Geneva’s Michael Schindl celebrated the twentieth anniversary of his long-term musical project Impure Wilhelmina last year. Originally labelled as post-hardcore alongside a slew of similar bands that arose during Geneva’s alternative music heyday in the late 90s, Impure Wilhelmina’s sound has morphed through a series of transitions towards something much more melodic. Schindl’s trademark desperate melancholy pervades throughout though, tugging on the heartstrings in a deeply unsettling way. With typical Swiss understatement, Impure Wilhelmina has never received the international recognition they deserve, although last year’s Radiation, their sixth album, received universally positive reviews.
These lot serve up another unique sound from Switzerland: progressive sludgy hardcore. With complex rhythms and riffs and psychedelic passages that never detract from the brutality of their live assault, Colossus Fall is highly experienced and deserved more international recognition for their 2015 album, Hidden Into Details. Their next release is currently in production.
Voice of Ruin
Thrash metal from the shores of Lake Geneva, Voice of Ruin’s sound has a distinct groove element highly reminiscent of American bands like Lamb of God and The Black Dahlia Murder. They are admired in Switzerland for their passionate live performances. Their second full-length, Purge and Purify, was released in 2017, and the band are playing a string of European festivals this year.

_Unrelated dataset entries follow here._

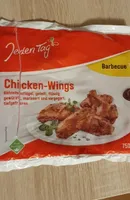 Chicken-Wings Barbecue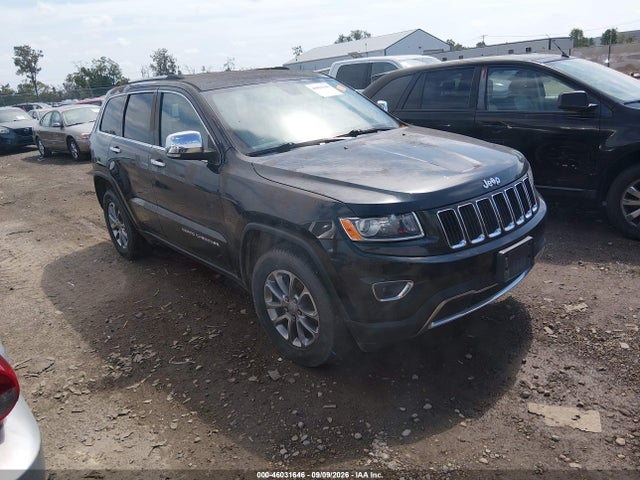 Auction sale of the 2015 Jeep Grand Cherokee Limited, vin: 1C4RJFBG1FC951090, lot number: 46031646
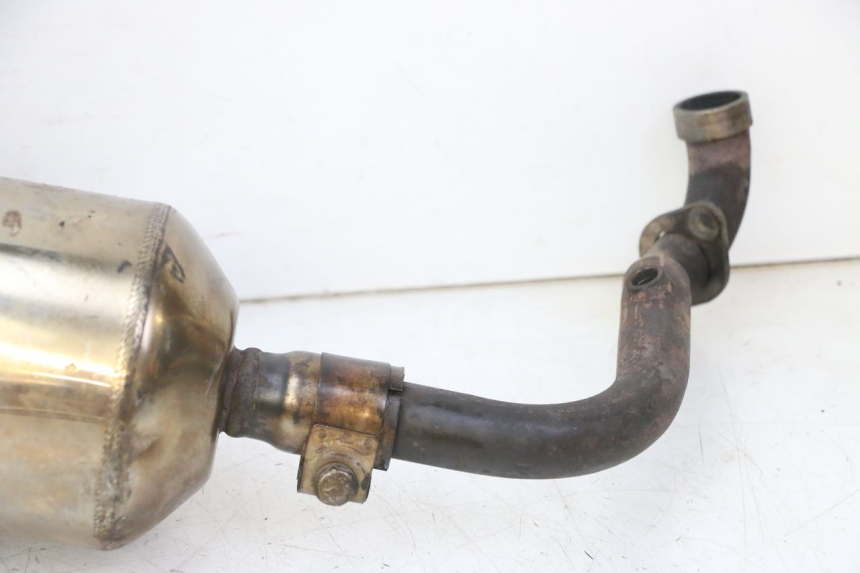 photo de AUSPUFF PEUGEOT SATELIS 125 (2013 - 2018)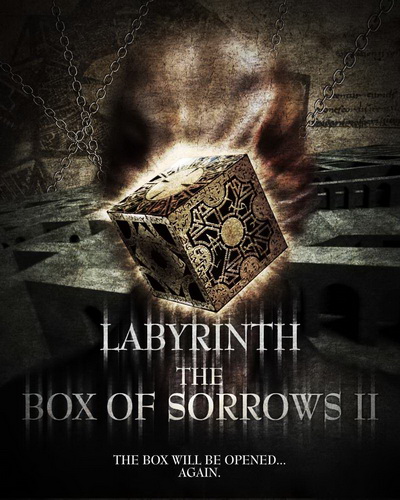 Labyrinth: The Box of Sorrows II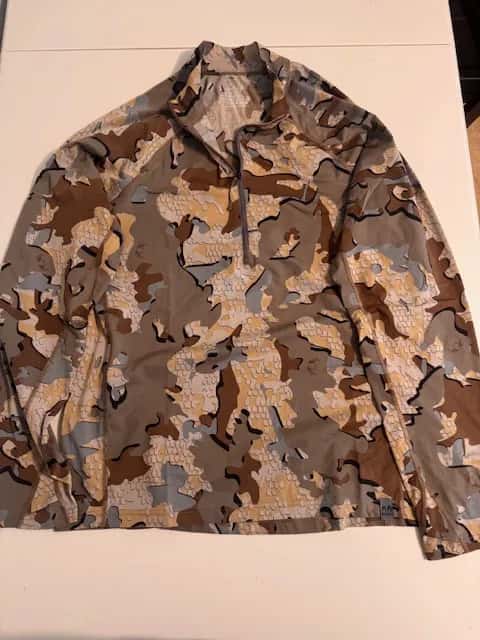 KUIU Peloton 118 LS Crew
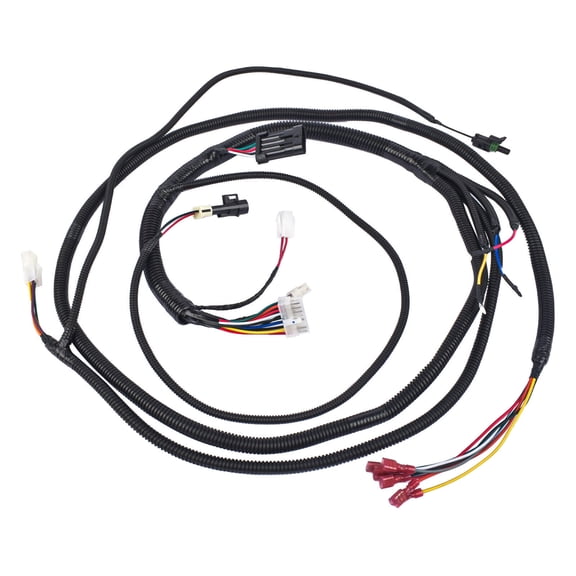 Fit EZGO TXT48 Volt Complete Main Wiring Harness Forward Reverse on Dash 2010-13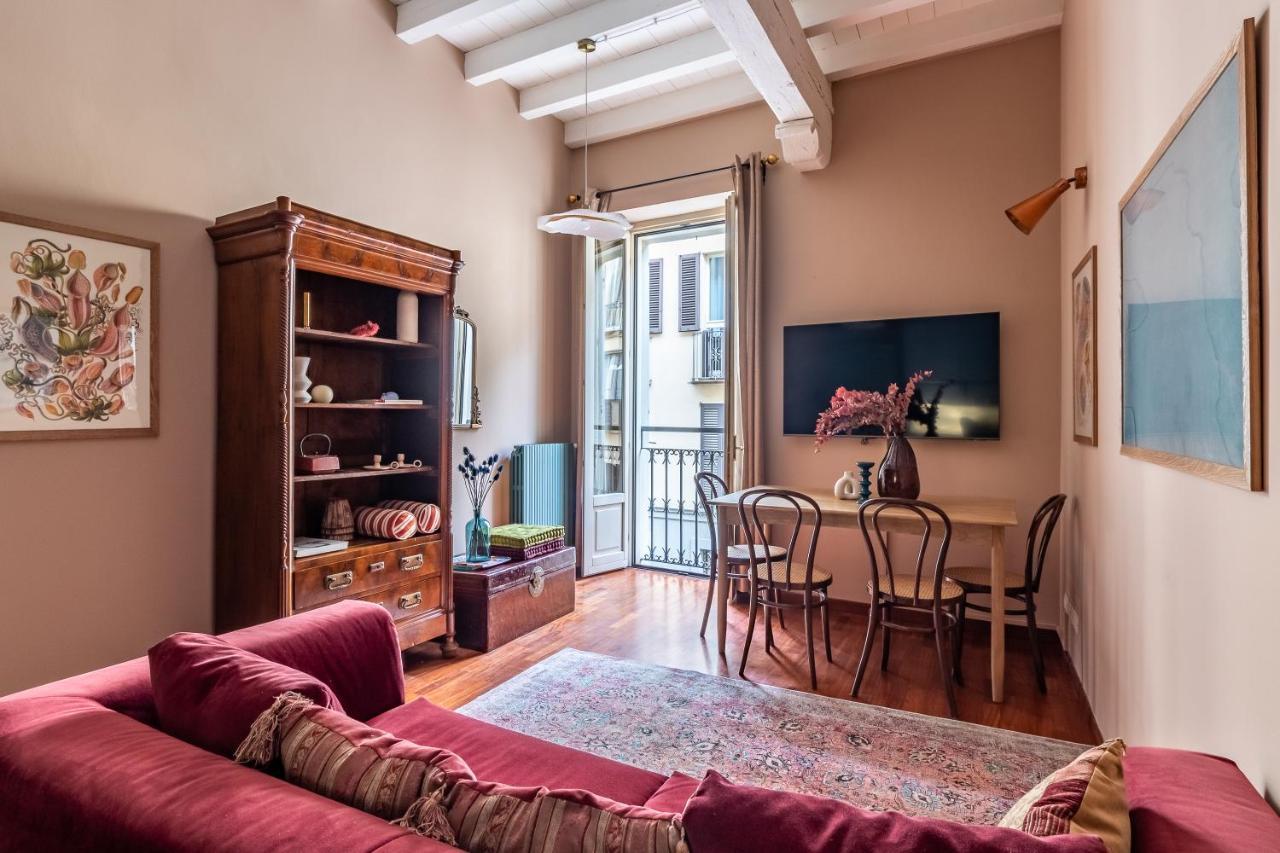 Atelier De Charme In Brera-Duomo Διαμέρισμα Μιλάνο Εξωτερικό φωτογραφία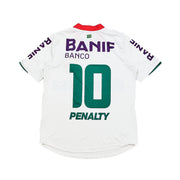 2010 Portuguesa #10 Third Shirt (S) Penalty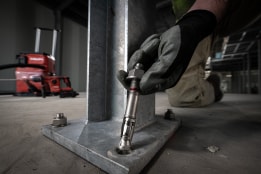 Hilti HST4-R: Beyond Post-Installed Anchors’ Standards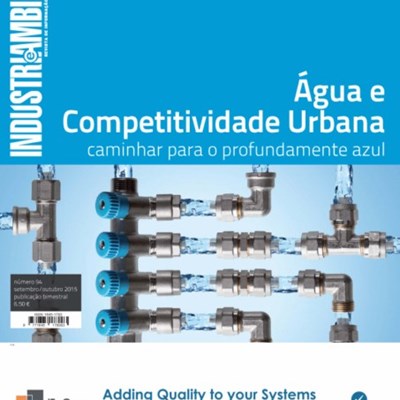 Indústria e Ambiente nº 94, setembro/outubro 2015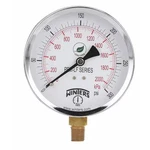 Winters PEM226LF Lead-free Pressure Gauge, To 300 Psi, Dial, 1/4 Npt,. Fixed Price $27.49.
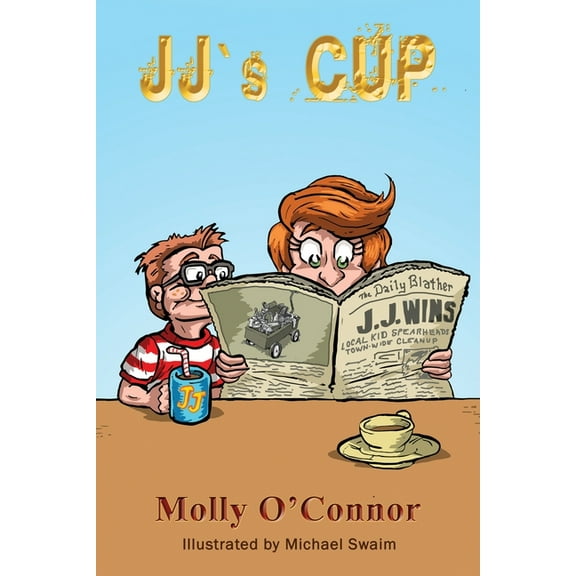 JJ's Cup, (Paperback)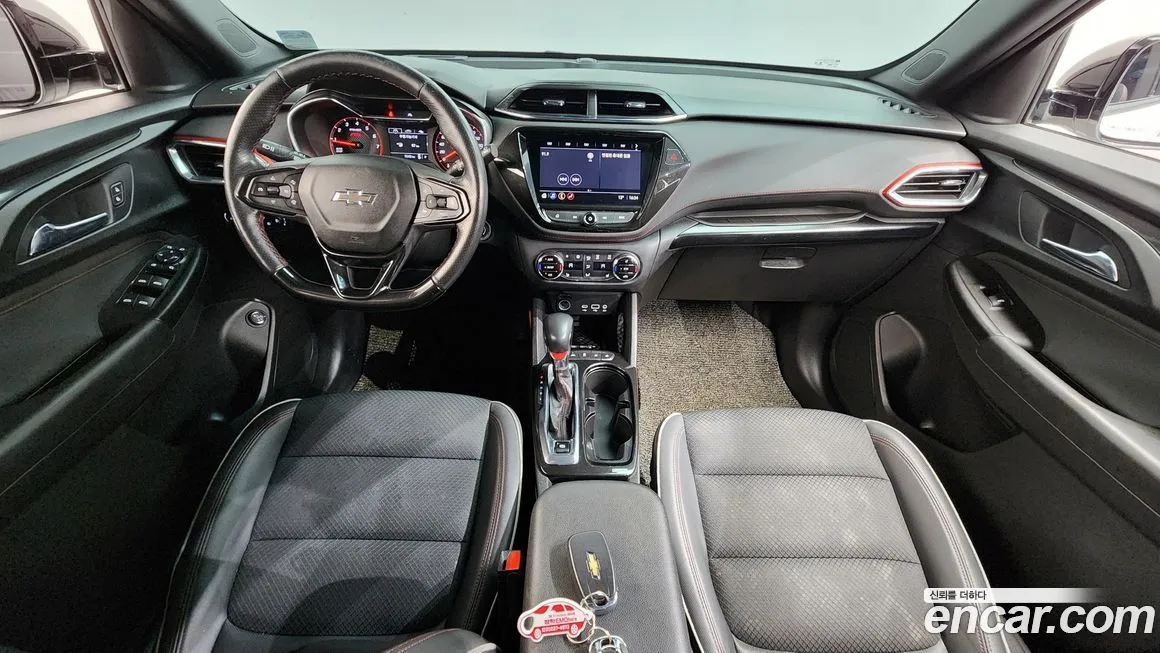 Chevrolet (GM Daewoo) Trailblazer 2021 из KR, фото 6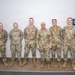 Chief Master Sgt. Of the Space Force John Bentivegna Visit to Schriever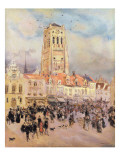Buy Northern Town at AllPosters.com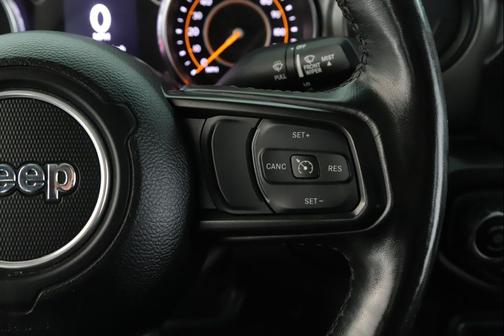 2022 Jeep Gladiator Sport S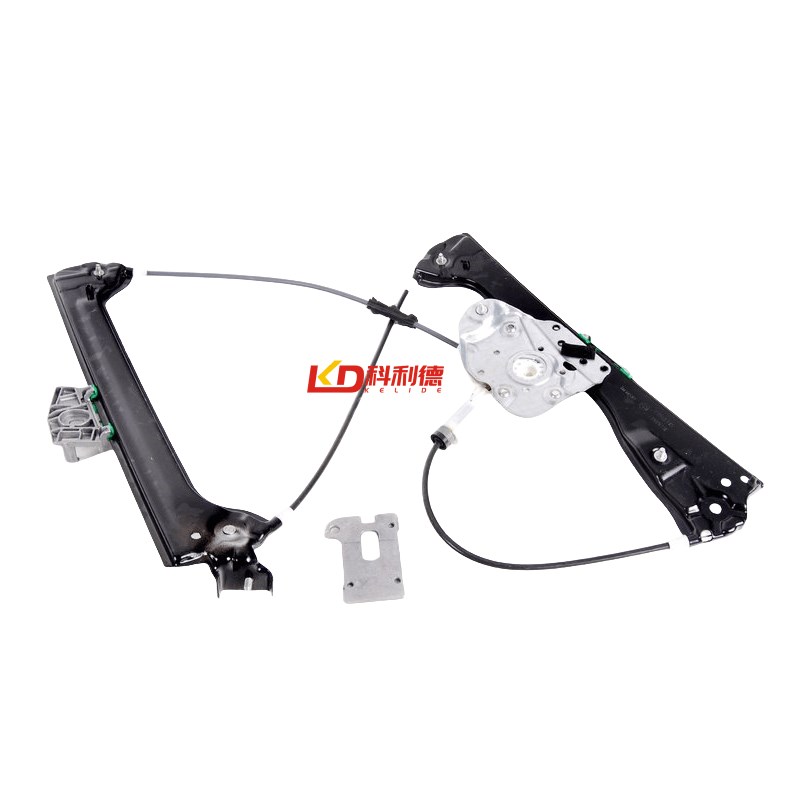 适用宝马敞篷跑车Z4车窗玻璃升降架E85 E86 E89前门升降器支架Z4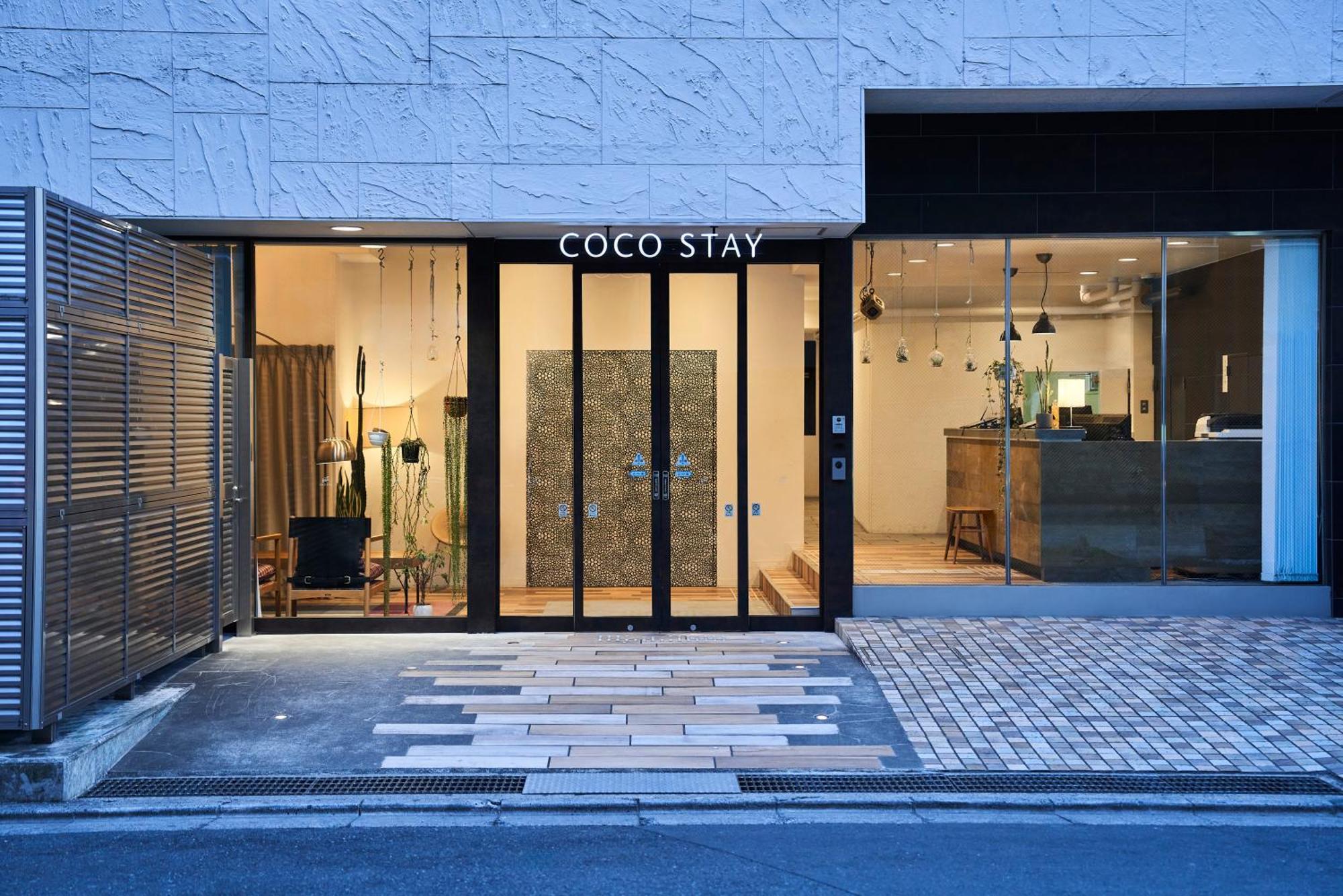 Coco Stay Nishikawaguchi Ekimae Exterior photo
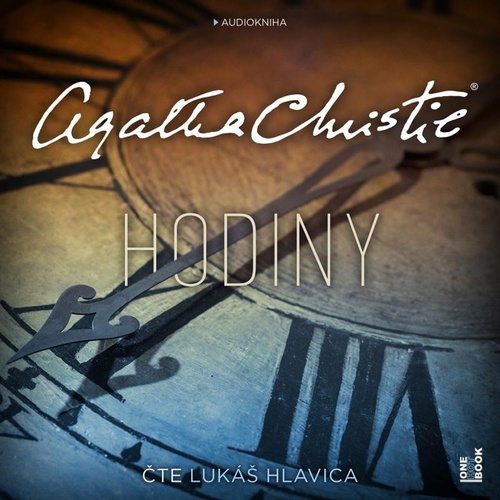 Audio Hodiny Agatha Christie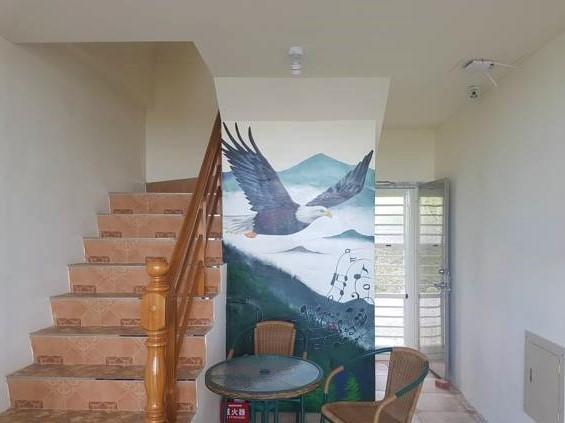 Appartement The Song Of Eagle à Donghe Extérieur photo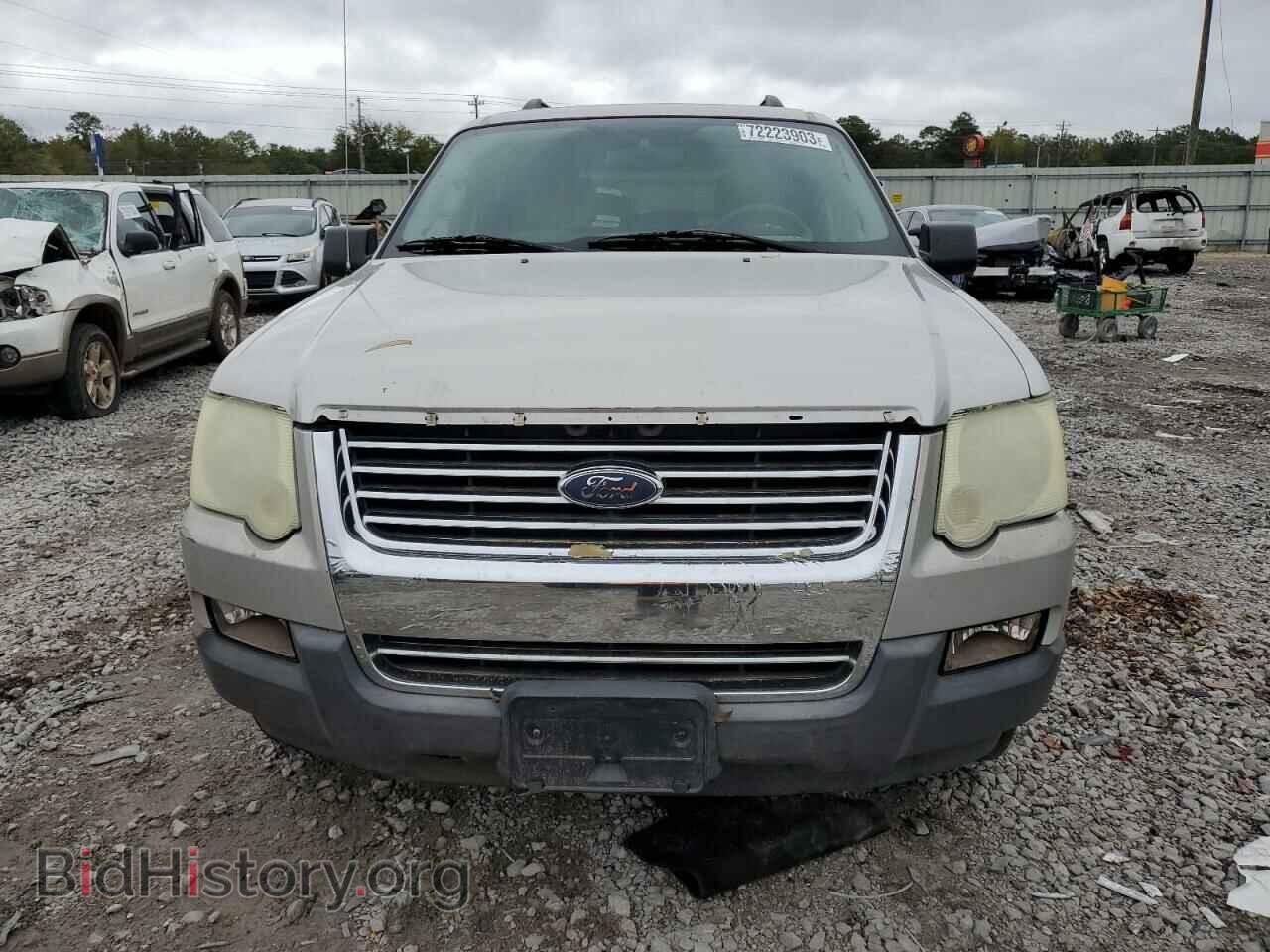 2006 FORD EXPLORER - VIN: 1FMEU63E86UB34871 - Фото 5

Hailing from the watchmaking town of La Chaux De Fonds, Coilguns are another Swiss band that have applied that precision and intricacy to their music. This is hardcore with a complexity that belies the violence and chaos, bringing in elements from sludge, grindcore, and even black metal. All the band are ex-members of German prog metal collective The Ocean, but 2018 is set to be all about Coilguns, with new album Millennials due out on March 18th and a European tour to follow.